Larry began noticing the effects of the pine beetle about two years ago on the Paws Up ranch. He had been reading about the subject when the subject showed up in his own backyard.

“We were seeing the devastation right before our eyes,” Larry said. He consulted with experts at a nearby educational forest of the University of Montana and other landowners feeling the impact. As a land manager, he was helpless to stop the invasion. Most landowners simply cut down the dead trees and either mulched the pulp or tried selling it for plywood which had nominal demand.

But, Larry is a visionary and a businessman. He surveyed the deathly landscape and saw opportunity instead of surrender. Larry found a path to profit and education.

It’s a funny thing about these pine beetles. As they burrow and devour the pine tree, they leave behind fungi, which contaminate the tree. The fungi grow within the tree and actually assist the beetle in killing the tree. The fungi are what give a blue-grey appearance to the sapwood.

Larry’s “eureka moment” came when he had some of the dead trees planed, a process that revealed streaks of blue-grey stain throughout the wood.

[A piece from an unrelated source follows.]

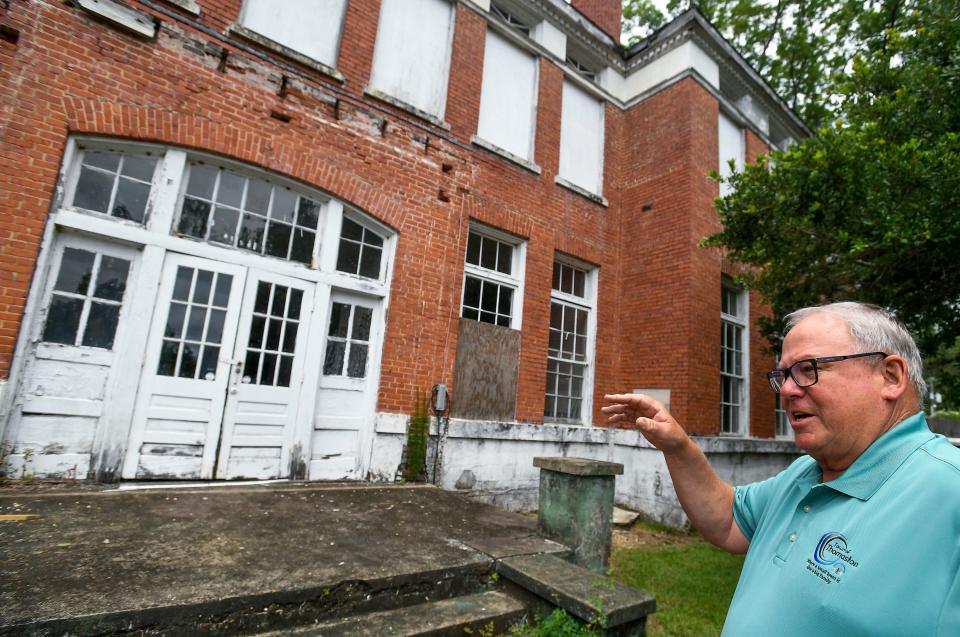 Thomaston mayor Rudy Parker visits  the old Marengo County High School building in Thomaston, Ala., on Friday June 3, 2022.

It was different, unusual and Larry saw a market for it.

“It was a chance to do something positive with all the dead wood that would just go to waste,” Larry said.

Like I said, Larry is a businessman and didn’t just plunge into the effort to hug dead trees. He analyzed the marketplace, checked to make sure the pine was well-performing and not damaged by the beetles, ensured that fungi in the sapwood was not harmful to people or pets, and assembled a team who could locally strip the bark, kin dry and mill the wood.

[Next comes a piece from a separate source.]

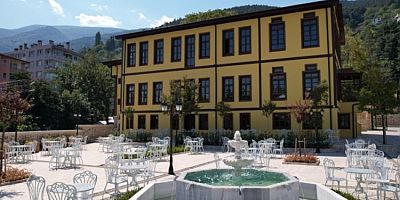 Alev Alatlı Bursa Yıldırım'da anıldı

As any good businessman, Larry contemplated how to market a product of ecological destruction riddled with fungi. Some would say, not an easy sell. But, Larry saw it differently.

“We had to reverse the perspective,” he said. “People have to want this product because it’s so cool.”

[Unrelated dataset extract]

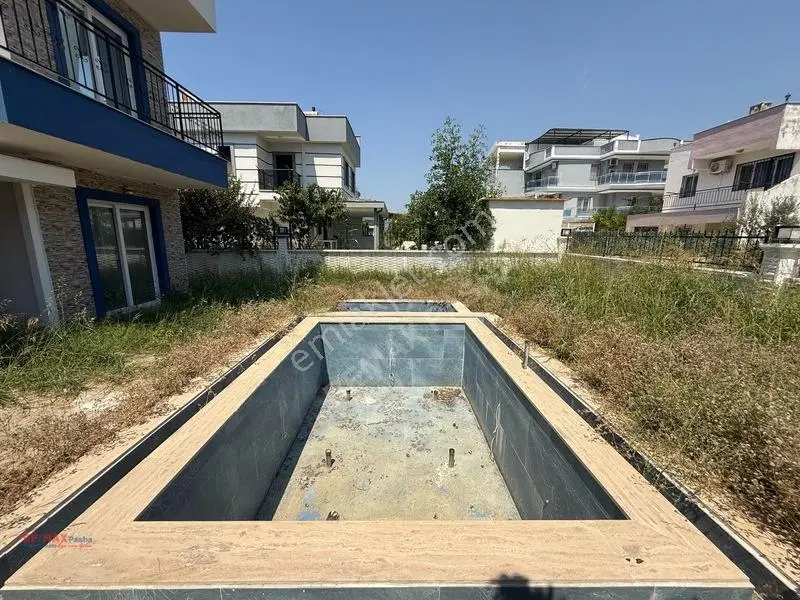 Özkent Sitesi Yeni Yapım Denize Yakın Özel Havuzlu 3+1 Villa — fotoğraf 8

Larry created Greeno, a company whose name is the pronunciation of his Montana town www.greenobuilt.com.  He started milling the dead trees and showed off the wildly beautiful flooring, paneling and molding in one of Paws Up’s own cabins. He later took it a step further for the resort’s meeting and entertaining space, The Bull Barn www.pawsup.com.

“I didn’t want this product to be a step child that needs adoption,” he told me. “The perception is that this is a luxury item that makes a statement.”

What Larry is selling is not only the wood—it’s the story—and that’s where the education light goes on. “People like the story. They like the feeling of doing good, becoming involved and bringing the ecological message into their lives.”

 

Of course, Larry didn’t stop there. His is not the type of brain that switches off easily. Flooring and paneling is great for interior designers, homebuilders and the like. But, what about the masses of us who simply buy consumer products on a daily basis?

Eureka moment Number 2. Larry created Bad Beetle. What else would you call the company? What’s the target market? Young people and those who care about the environment. It’s also folks who want the latest, coolest thing that nobody else has—yet.

Bad Beetle makes iPad cases and accessories from the same blue-grey stained pine wood as Greeno’s millwork. “Handmade in Montana by ugly little artisans,” the website proclaims, www.badbeetle.com.

“The one-of-a-kind markings on our iPad accessories are brought to you courtesy of Montana’s Mountain Pine Beetles. When these naughty nemeses invade trees, they create a beautiful, silvery blue stain. For the tree, it’s curtains. But for you, it’s a snazzy, insanely eco-friendly Bad Beetle accessory.”

Now, aren’t you thinking, “Why didn’t I think of that?” Well, you didn’t and Larry did. Every time some wiz-bang, app-using, cloud-thinking, tech wonk logs on and buys a Bad Beetle product, he or she is learning about the devastation of the pine forests, what impact climate change has had and what the average individual can do about it.

Economy meets Ecology.

After all, every cloud has a silver lining.